▶ **DIRECTIONS FOR THIS TASK**
Would you restate, exactly as they appear, the lines from the one containing "Tommy Hilfiger Black Cotton Women Sandal" through the end of the data below?

[Scraped caption text data]
=======
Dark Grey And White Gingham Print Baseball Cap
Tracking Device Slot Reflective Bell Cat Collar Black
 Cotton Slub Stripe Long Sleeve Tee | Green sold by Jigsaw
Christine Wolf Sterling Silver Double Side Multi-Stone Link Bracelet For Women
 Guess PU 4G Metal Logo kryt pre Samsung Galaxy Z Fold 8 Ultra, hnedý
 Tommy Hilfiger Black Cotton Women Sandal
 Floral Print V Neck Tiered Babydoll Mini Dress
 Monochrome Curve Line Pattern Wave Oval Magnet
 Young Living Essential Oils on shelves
=======
▶ **RESPONSE TO THE EXERCISE**
 Tommy Hilfiger Black Cotton Women Sandal
 Floral Print V Neck Tiered Babydoll Mini Dress
 Monochrome Curve Line Pattern Wave Oval Magnet
 Young Living Essential Oils on shelves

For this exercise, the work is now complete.